• [Exercise directions]
Only the lines from the one that contains "a black and" through the end of the entries, both included, should be transcribed, exactly and without pictures.

========================================

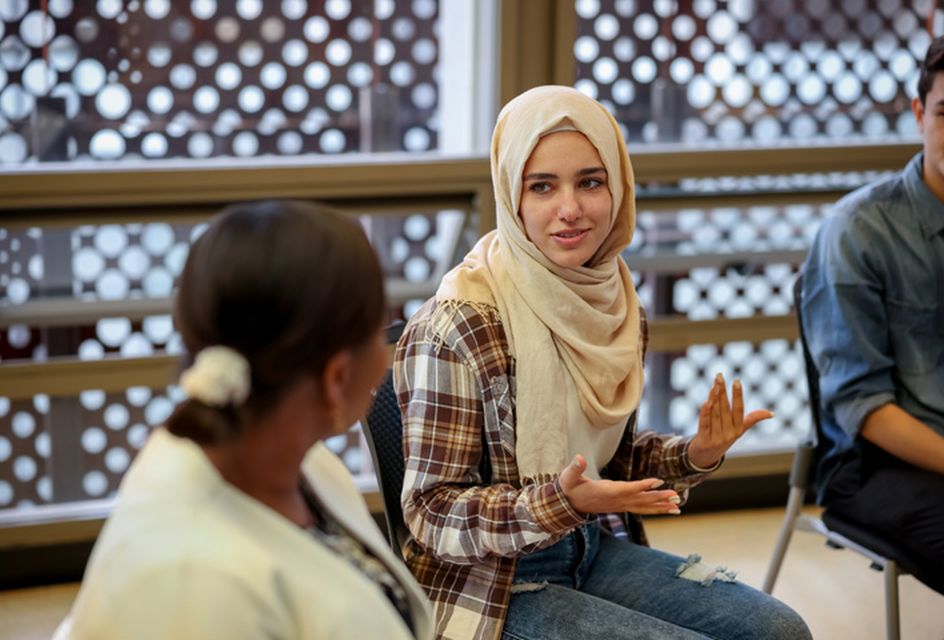 A woman wearing a hijab and plaid shirt speaks to a group of people.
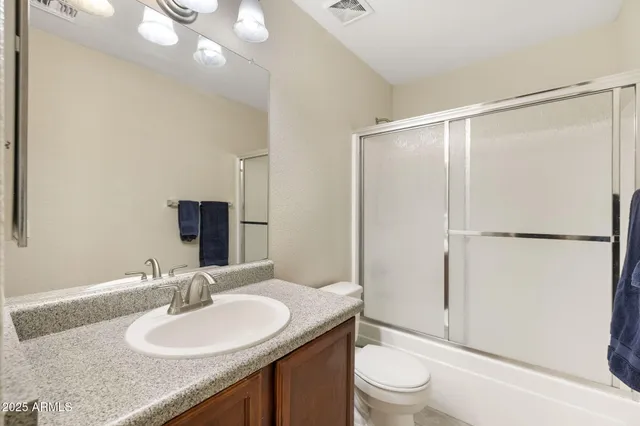 a bedroom with bed and a window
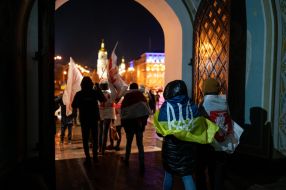 People leave the territory of St. Michael's Cathedral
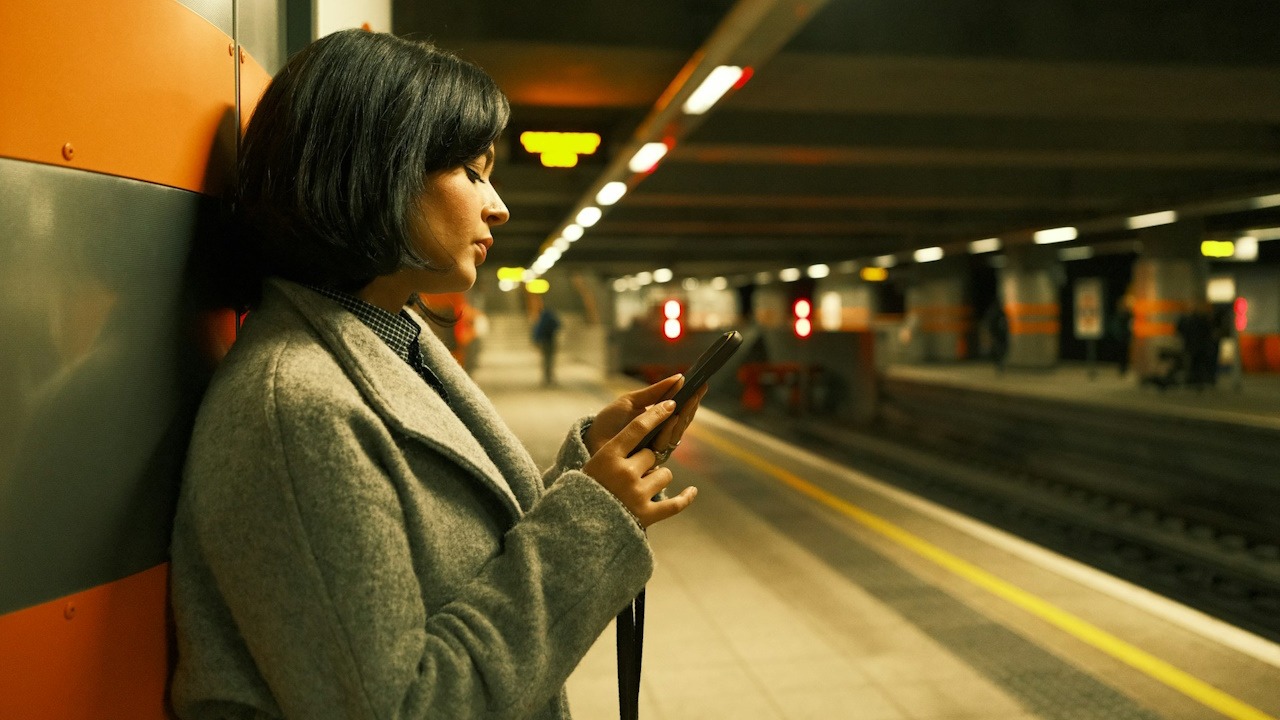 A woman looking at her phone while standing in a subway.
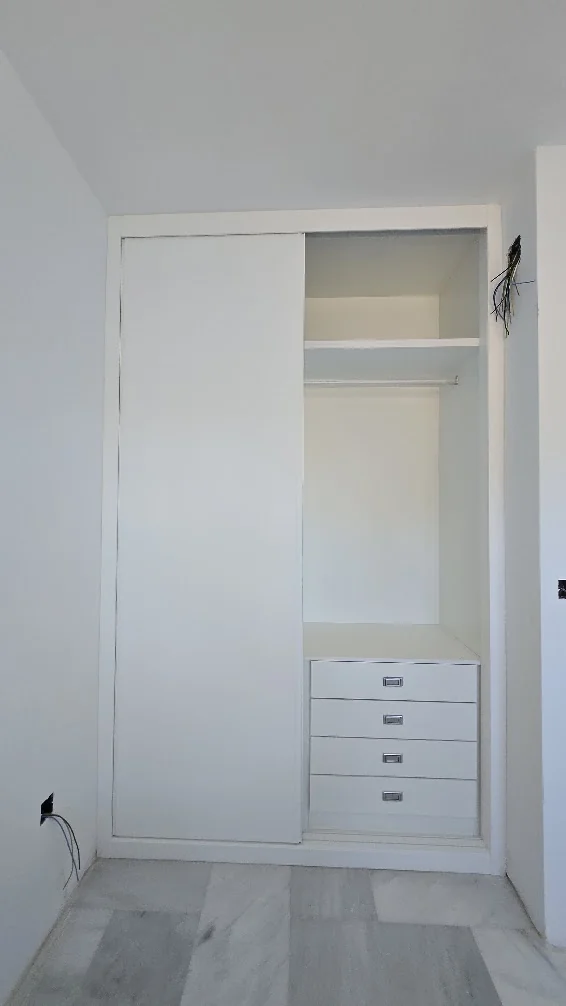 Zona derecha del armario con cajonera cerrada y barra para colgar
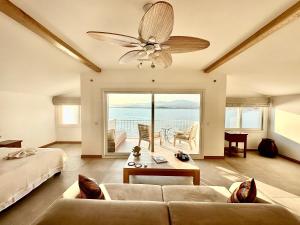a living room with a couch and a ceiling fan at Ece Hotel Sovalye Island in Fethiye
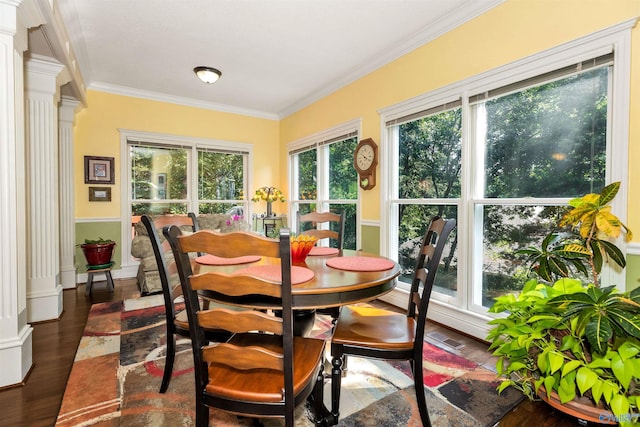 dining area featuring decorative columns, ornamental molding, and dark hardwood / wood-style floors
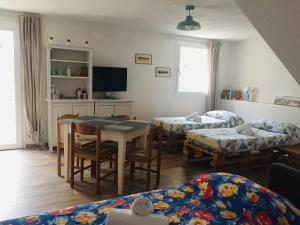 Postel nebo postele na pokoji v ubytování B&B I Falchi Pellegrini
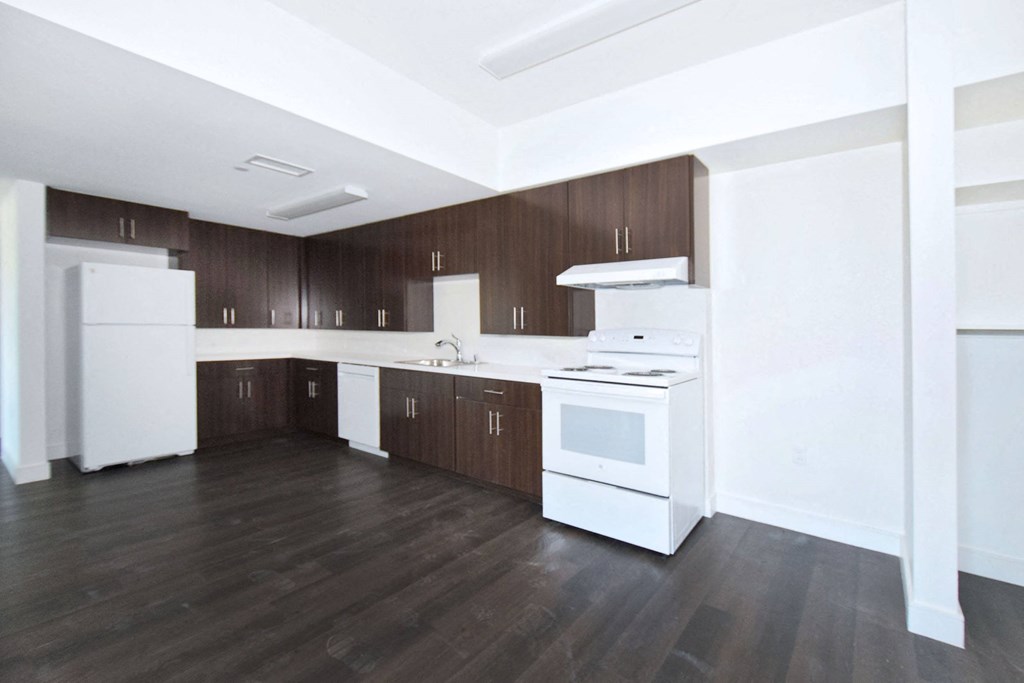 an empty kitchen with white appliances and wood floors
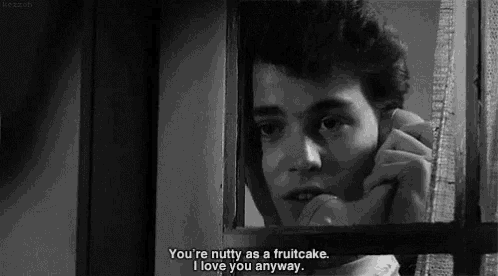 a black and white photo of a man talking on a phone with the caption " you 're nutty as a fruitcake "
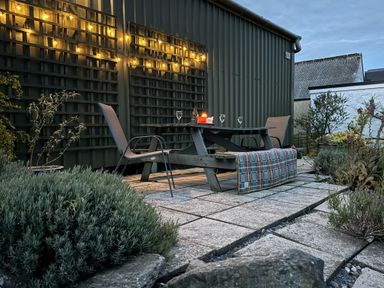 An outdoor patio with a wooden picnic table two chairs string lights and plants at The Farmhouse in Newport Pembrokeshire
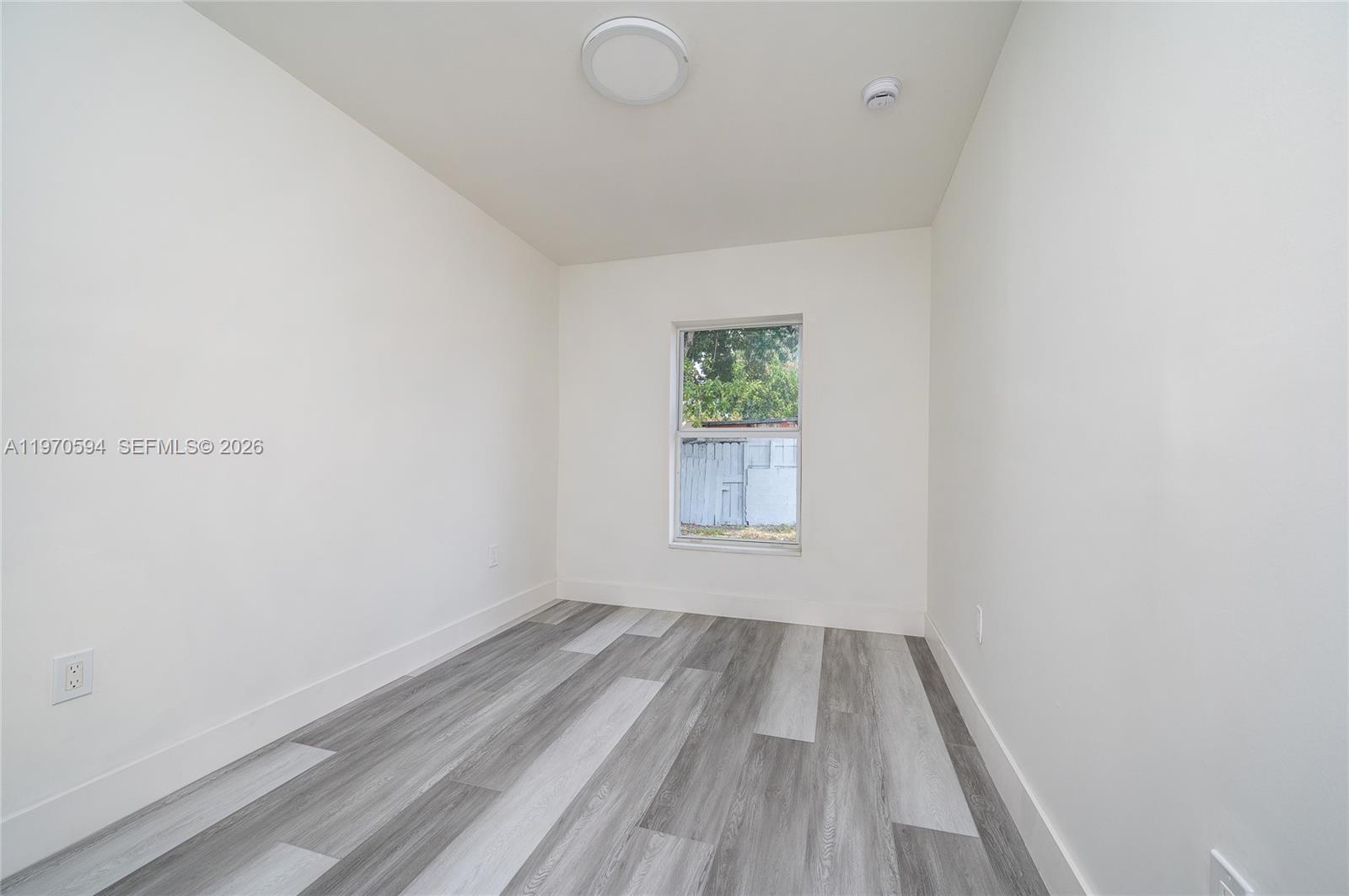 2433 Northwest 97th Street Miami, FL 33147 - Photo 22 of 41 a view of room with window and hardwood floor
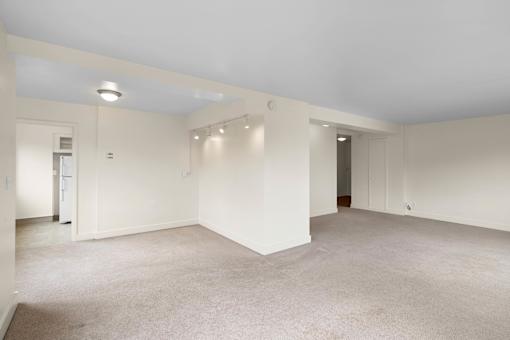 a living room with white walls and a carpet floor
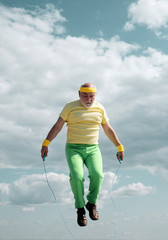 Senior man working out on a skipping rope. Senior sportsman in sport center. Healthy and sport....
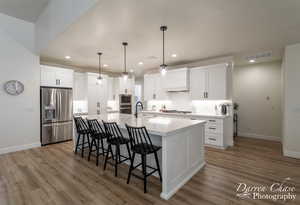 Kitchen with stainless steel appliances, white cabinetry, a kitchen island with sink, and sink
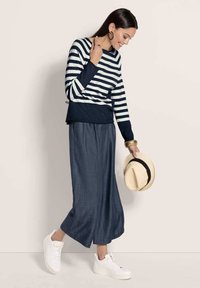 Frau in navy- und weißgestreiftem Langarmshirt, blauen weiten Hosen, weißen Sneakers, hält einen beigen Hut mit schwarzem Band, lächelt und schaut nach unten.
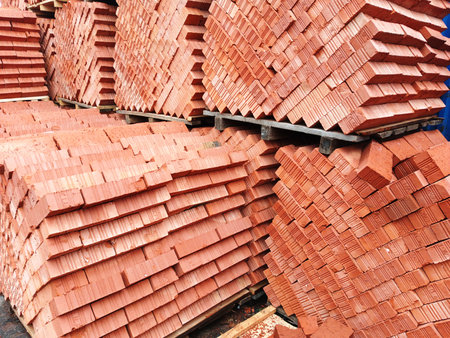 Stack of red bricks at a construction site, closeup of photoの写真素材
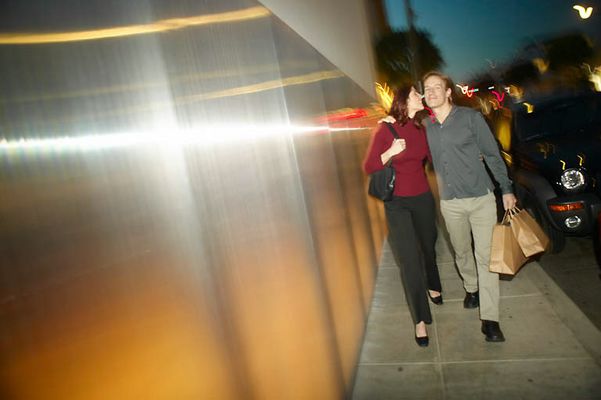 Adult couple walking together with shopping bags uid 1437919.jpg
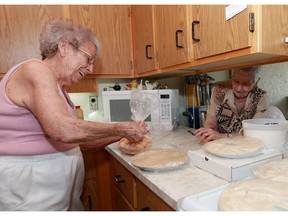 Pat Trask and June Quittenbaum make pies which are being sold with the proceeds going to STARS because of the Humboldt tragedy in Saskatoon, Sask. on May 29, 2018.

========================================

• [Task solution]
 a black and white photo of a man talking on a phone with the caption " you 're nutty as a fruitcake "
 An outdoor patio with a wooden picnic table two chairs string lights and plants at The Farmhouse in Newport Pembrokeshire
 2433 Northwest 97th Street Miami, FL 33147 - Photo 22 of 41 a view of room with window and hardwood floor
 a living room with white walls and a carpet floor
 Senior man working out on a skipping rope. Senior sportsman in sport center. Healthy and sport....
 Kitchen with stainless steel appliances, white cabinetry, a kitchen island with sink, and sink
 Frau in navy- und weißgestreiftem Langarmshirt, blauen weiten Hosen, weißen Sneakers, hält einen beigen Hut mit schwarzem Band, lächelt und schaut nach unten.
 Stack of red bricks at a construction site, closeup of photoの写真素材
 Adult couple walking together with shopping bags uid 1437919.jpg
 Pat Trask and June Quittenbaum make pies which are being sold with the proceeds going to STARS because of the Humboldt tragedy in Saskatoon, Sask. on May 29, 2018.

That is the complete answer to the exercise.